These words are an actual doctrinal statement of the Roman Catholic Church, the Orthodox, and most conservative evangelical Protestant groups. First enunciated by St. Cyprian of Carthage in the 3rd Century, they have been reasserted by many popes, bishops, and church councils. The kicker is that if you believe in the literal meaning of these words you will be a heretic, at least in the Catholic Church. The term “heretic” has a chilling resonance considering the old history of the church, but today all it means is that “you’re not one of us.” The point is that the meaning and interpretation of a doctrine can and does evolve as understanding grows. What is peculiar and funny about all this, at least for the Catholic scene, is that we never admit we made a mistake or even that we changed our understanding. You can never say that about any doctrinal statement. The words always stay the same; the old meaning/interpretation is thrown into an ecclesial closet never to see the light of day again, and a new meaning is trotted out. That closet has gotten quite crowded over the centuries!
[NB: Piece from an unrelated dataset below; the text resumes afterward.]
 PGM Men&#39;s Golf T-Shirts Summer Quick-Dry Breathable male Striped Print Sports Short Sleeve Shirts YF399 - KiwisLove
Consider the following comments from the current Catholic Catechism:
“How are we to understand this affirmation, often repeated by the Church Fathers? Reformulated positively, it means that all salvation comes from Christ the Head through the Church which is his Body” (CCC 846)…. Basing itself on Scripture and Tradition, the Council teaches that the Church, a pilgrim now on earth, is necessary for salvation: the one Christ is the mediator and the way of salvation; he is present to us in his body which is the Church. He himself explicitly asserted the necessity of faith and baptism, and thereby affirmed at the same time the necessity of the Church which men enter through baptism as through a door. Hence they could not be saved who, knowing that the Catholic Church was founded as necessary by God through Christ, would refuse either to enter it or to remain in it.” (CCC 846)).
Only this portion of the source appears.